Besides protecting wildlife and water supplies, the ruling could force the plant that makes 75% of Sweden's cement and is the country's second biggest carbon emitter to slash output while it finds raw materials elsewhere, or even shut altogether.
That might be good for Sweden's emissions targets, but not such good news for the rest of the planet.
A government-commissioned report seen by Reuters said it could force Sweden to import cement from countries that pump out more emissions in the overall manufacturing process - or risk massive job losses in the construction industry at home.
"Imports from countries outside the EU would probably lead to larger environmental impacts as a result of lower standards related to CO2 emissions and lower standards in land use," the report, obtained via a freedom of information request, said.
Sweden's dilemma encapsulates one the challenges facing nations meeting in Glasgow for the U.N. COP26 climate talks: how to show they are not cutting emissions by simply exporting the problem elsewhere - a phenomenon known as "carbon leakage".

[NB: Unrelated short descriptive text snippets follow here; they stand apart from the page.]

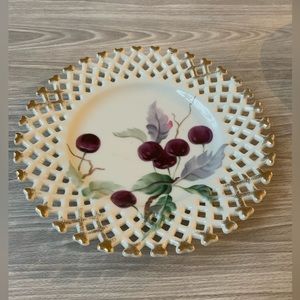 Vintage Lefton China Plate 1950s Hand Painted Reticulated Lattice Floral WK711PL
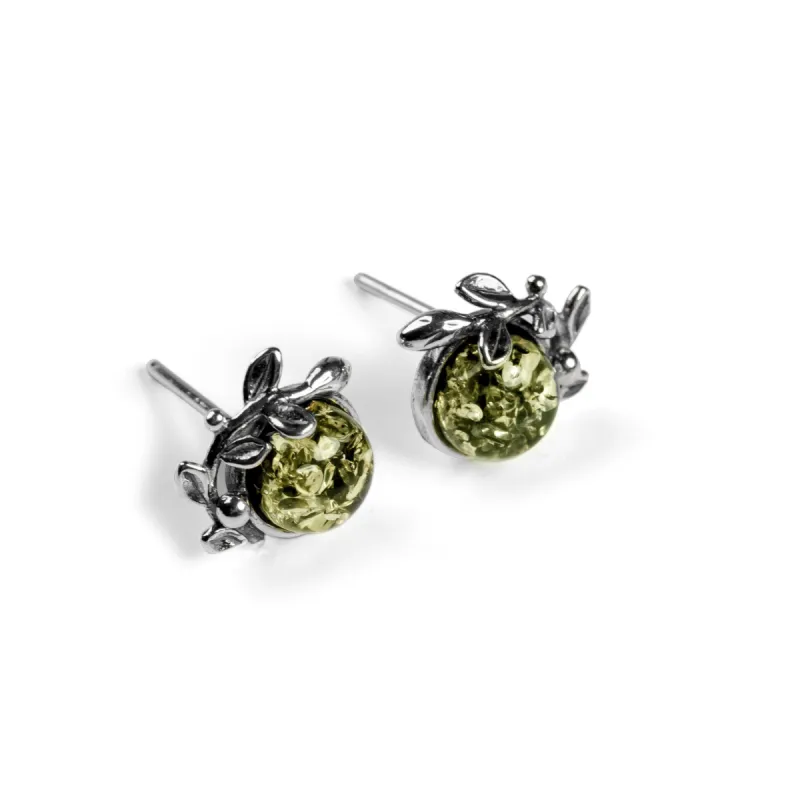 Leaf Motif Stud Earrings in Silver and Green Amber sold by Henryka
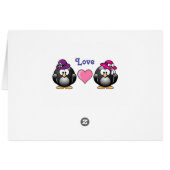 Schattig lesbische pinguïns Twee Brides Heart Pet (Achterkant Horizontaal)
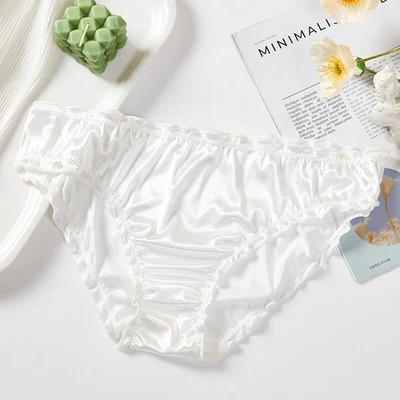 Lote de 3 piezas calzoncillos para mujer bikini corte bajo bragas ropa interior satinado sedoso fresco adulto S-XL Foto 1 de 4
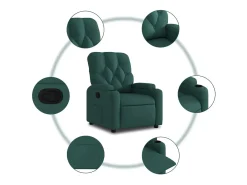 Poltrona Reclinável | Poltrona Confortável Relax tecido verde-escuro SHL582155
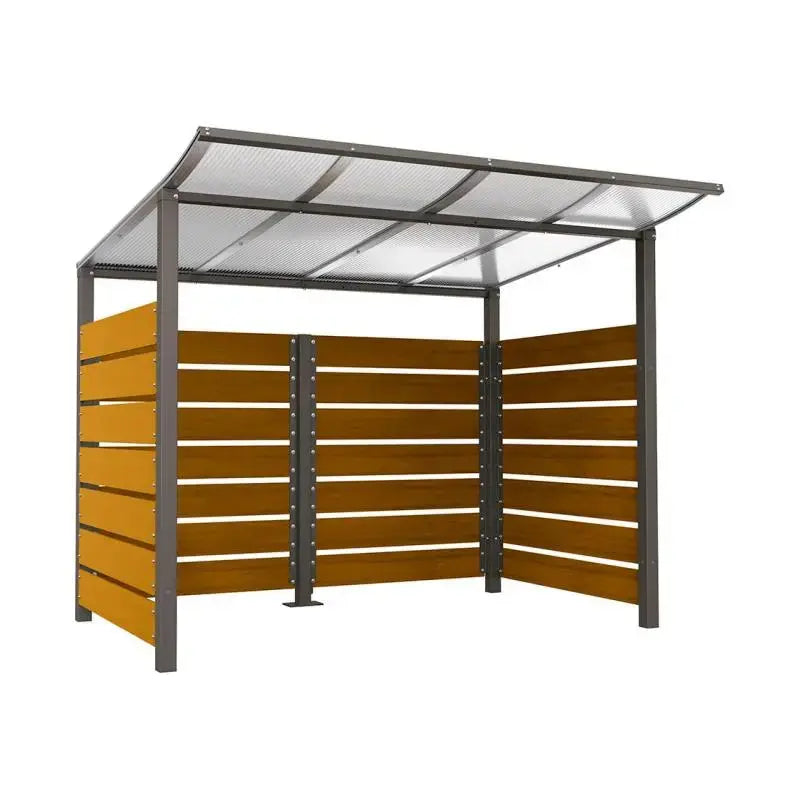Abri conteneurs modulo-Gris city-2000 mm-bois lasuré Chêne clair-2500 mm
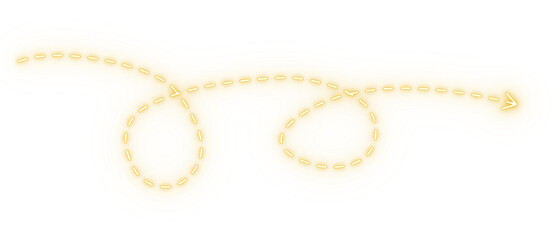 Colorful glowing neon abstract swirl path with light trail and arrow flow direction PNG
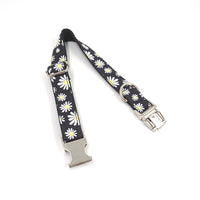 HKM-3379901 Trendy Black Polyester Pet Towing Rope with Environmental Daisy Print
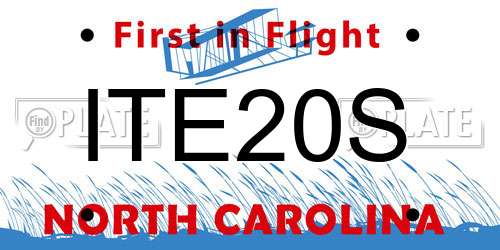 ITE20S North Carolina License Plate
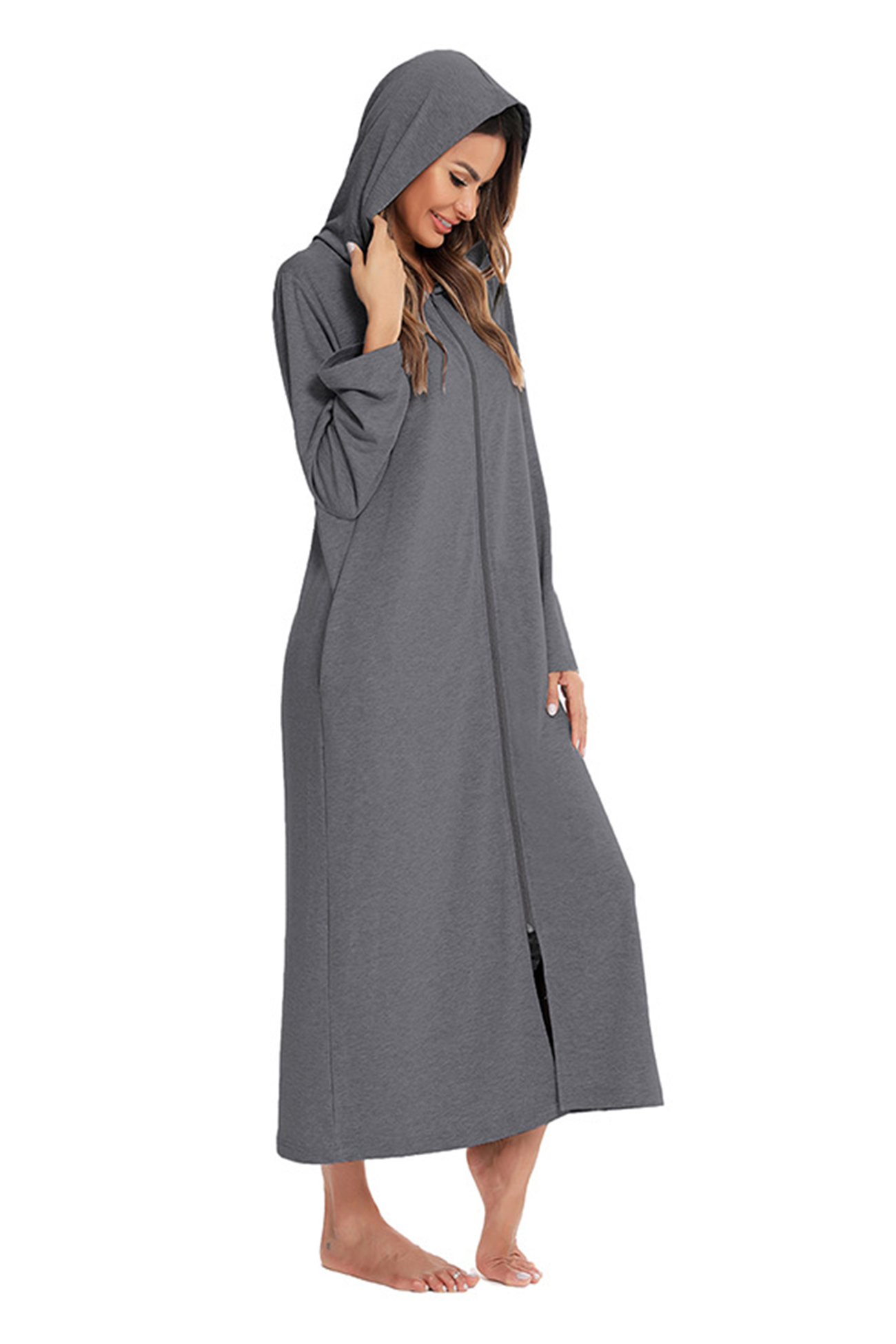 Cotton Long Sleeve Zip-up Hooded Cardigan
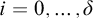 i equals 0 comma ellipsis comma delta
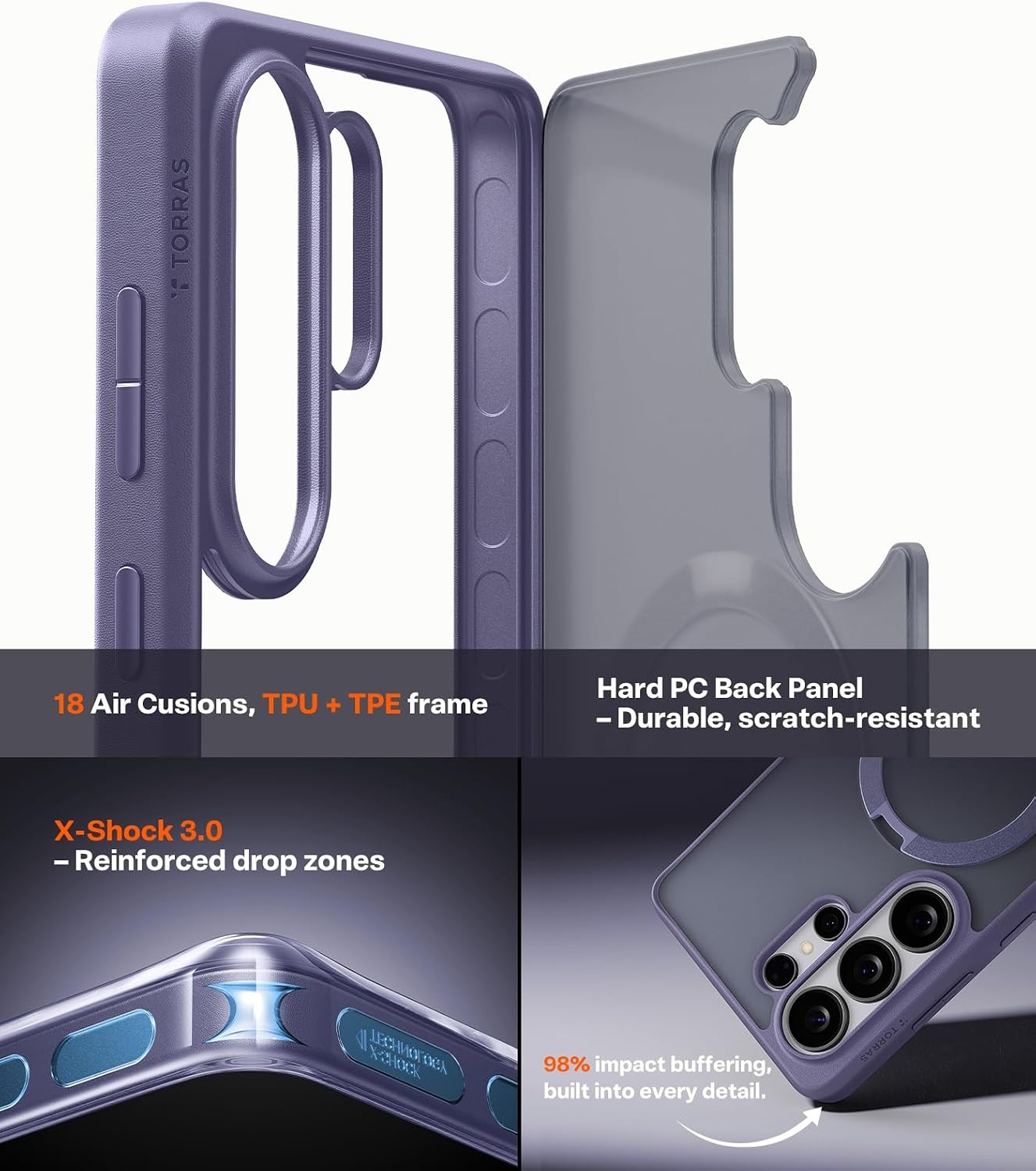 image:imageTORRAS Q3 Spin for Samsung Galaxy S26 Case 360 Magnetic Stand Black Compatible with MagSafe 4X MilitaryGrade Shockproof Builtin Kickstand Slim Phone Case for Samsung Galaxy S26Violet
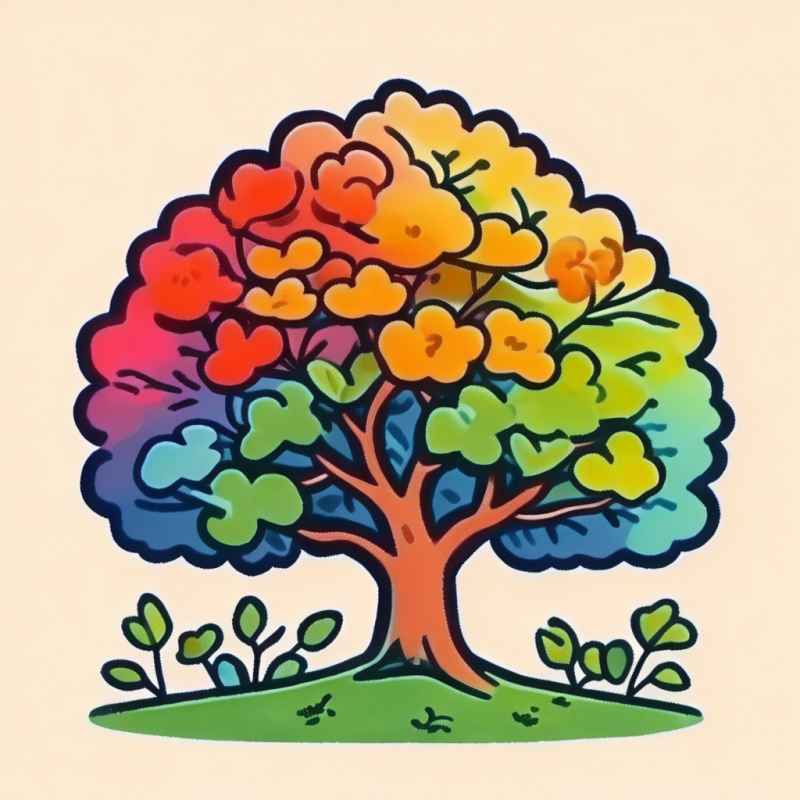 五颜六色的树有花有叶插画元素 4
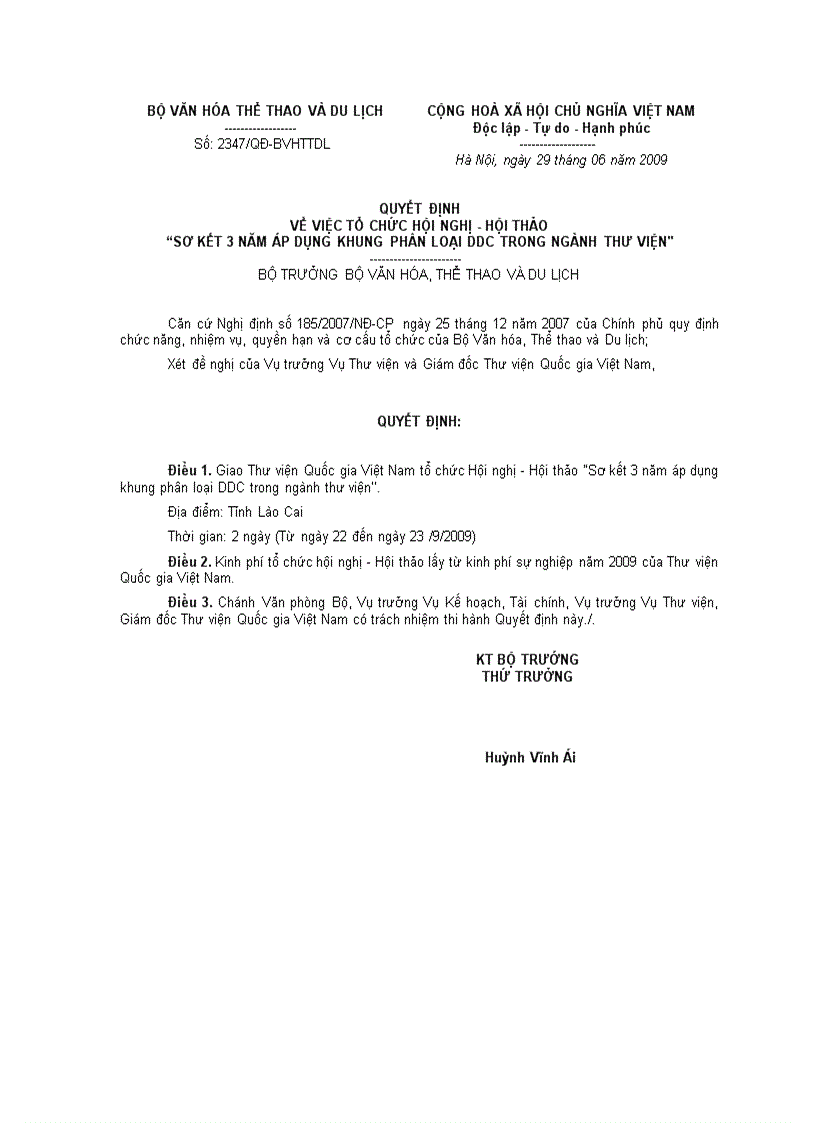 image for page Quyết định 2347 QĐ BVHTTDL của Bộ Văn hóa Thể thao và Du lịch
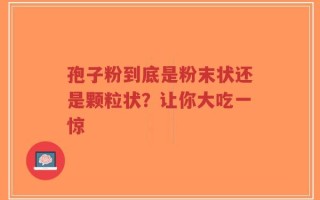 孢子粉到底是粉末状还是颗粒状？让你大吃一惊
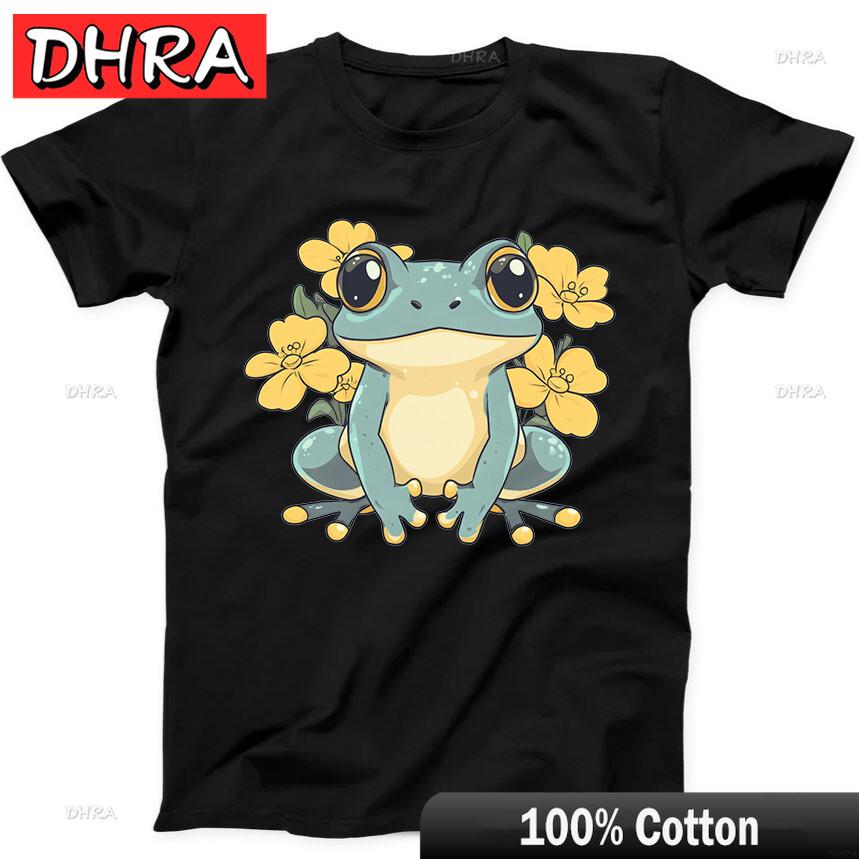 

Frog Floral Cute Best Seller Funny Gift Tee Black T Shirt Streetwear Creative Shirts Tees for Anniversary Gift TShirt Women 3XL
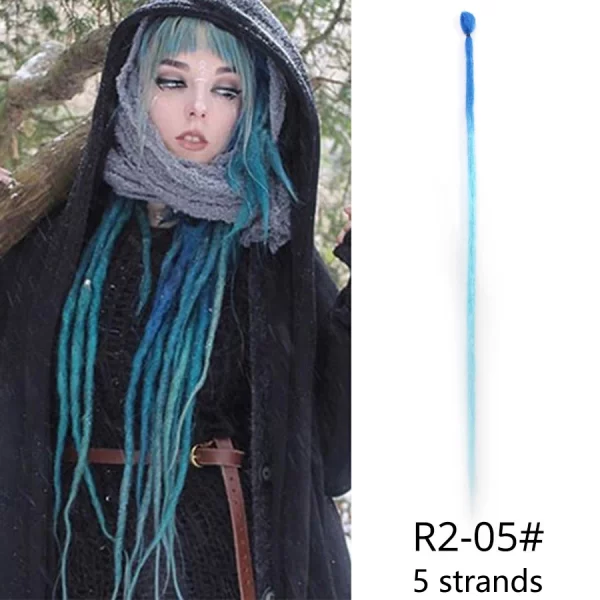 5strands Dreadlocks Hair Extensions Synthetic Faux Locs Crochet Hair Braids Hip-hop Knotless Hook Ombre Braiding African Tribe - Image 13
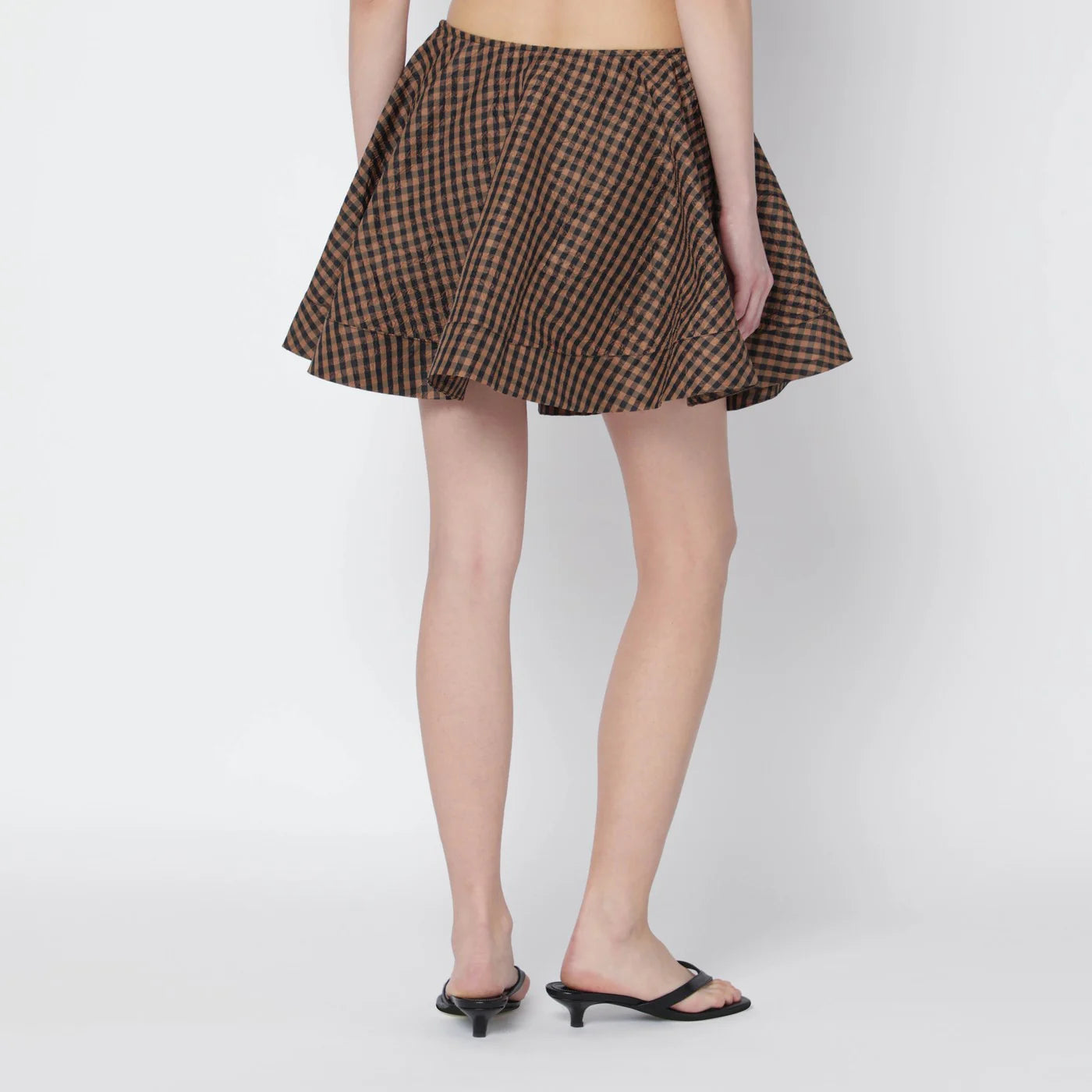 GANNI Brown/black gingham flared mini skirt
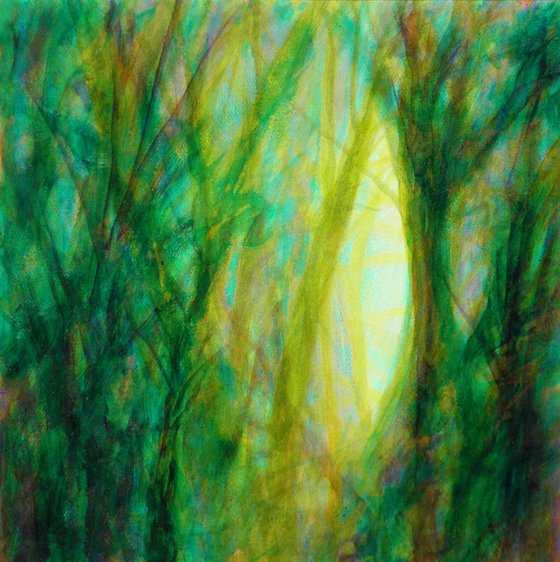 Woodland in greens - Original artwork on paper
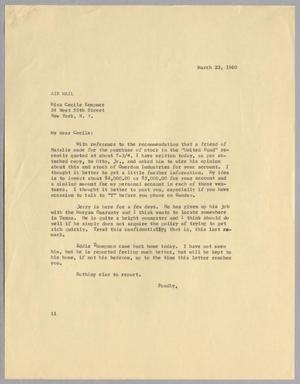 [Letter from Isaac H. Kempner to Cecile B. Kempner, March 23, 1960]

A rich, stable Nordic democracy, Sweden has long topped international environmental rankings and has managed to cut back on greenhouse gases for years while preserving economic growth on a path towards its target of net zero emissions by 2045.
It has the world's highest carbon tax at $137 per tonne and is a leader in the use of renewable energy. In 2018, its carbon emissions per head stood at 3.5 tonnes, well below the European Union average of 6.4 tonnes, according to World Bank data.
But the stand-off over the Slite cement plant epitomises the growing tension between local environment goals and the 2015 Paris Agreement signed by nearly 200 countries to try to limit global warming to 1.5 Celsius.
"We have to weigh up the global focus - doing the most for the climate - but also maintain our high ambitions when it comes to our local environmental problems," Sweden's Minster for Environment and Climate Per Bolund told Reuters. "These two things can be balanced."
Much of Europe's imported cement comes from Turkey, Russia, Belarus and countries in North Africa.
They don't have anything like the EU's Emissions Trading System (ETS), the world's largest carbon market and one that sets the price of carbon permits for energy-intensive sectors, including cement, within the 27-nation bloc.
The World Bank says only 22% of global emissions were covered by pricing mechanisms last year and the International Monetary Fund put the average global price of carbon at $3 a tonne - a tiny fraction of Sweden's carbon tax.